▸ Description of the task
Starting with the first line of the data that follows, transcribe every line verbatim until the line containing "16 oz d'acier" has been transcribed.
Provided data Start Marker
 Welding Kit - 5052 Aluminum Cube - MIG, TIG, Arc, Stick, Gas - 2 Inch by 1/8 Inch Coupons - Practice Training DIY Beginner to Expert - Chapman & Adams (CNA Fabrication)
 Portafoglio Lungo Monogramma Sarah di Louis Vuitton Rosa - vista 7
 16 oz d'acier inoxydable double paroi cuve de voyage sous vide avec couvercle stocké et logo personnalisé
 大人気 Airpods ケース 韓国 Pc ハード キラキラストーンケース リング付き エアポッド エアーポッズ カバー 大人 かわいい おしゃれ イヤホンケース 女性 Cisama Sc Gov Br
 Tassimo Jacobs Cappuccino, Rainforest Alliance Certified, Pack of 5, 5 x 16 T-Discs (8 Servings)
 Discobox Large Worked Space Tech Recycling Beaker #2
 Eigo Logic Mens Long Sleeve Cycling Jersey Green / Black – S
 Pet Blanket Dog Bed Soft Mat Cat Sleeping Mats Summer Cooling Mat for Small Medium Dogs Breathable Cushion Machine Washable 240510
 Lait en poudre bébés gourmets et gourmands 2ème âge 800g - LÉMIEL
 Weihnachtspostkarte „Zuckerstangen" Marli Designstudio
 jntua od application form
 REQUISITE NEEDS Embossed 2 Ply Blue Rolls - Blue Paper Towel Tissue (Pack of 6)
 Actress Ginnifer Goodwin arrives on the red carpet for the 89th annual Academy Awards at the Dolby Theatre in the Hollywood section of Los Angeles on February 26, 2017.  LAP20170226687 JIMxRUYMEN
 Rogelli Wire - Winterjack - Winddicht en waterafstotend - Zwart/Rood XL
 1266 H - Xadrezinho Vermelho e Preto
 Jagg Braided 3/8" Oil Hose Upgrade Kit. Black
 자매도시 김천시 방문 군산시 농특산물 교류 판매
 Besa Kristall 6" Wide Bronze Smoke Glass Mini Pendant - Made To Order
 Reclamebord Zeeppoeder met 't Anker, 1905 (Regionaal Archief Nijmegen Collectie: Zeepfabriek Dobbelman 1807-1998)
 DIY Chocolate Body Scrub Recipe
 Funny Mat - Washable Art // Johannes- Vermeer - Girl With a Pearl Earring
Provided data End Marker
▸ Solution to this exercise
 Welding Kit - 5052 Aluminum Cube - MIG, TIG, Arc, Stick, Gas - 2 Inch by 1/8 Inch Coupons - Practice Training DIY Beginner to Expert - Chapman & Adams (CNA Fabrication)
 Portafoglio Lungo Monogramma Sarah di Louis Vuitton Rosa - vista 7
 16 oz d'acier inoxydable double paroi cuve de voyage sous vide avec couvercle stocké et logo personnalisé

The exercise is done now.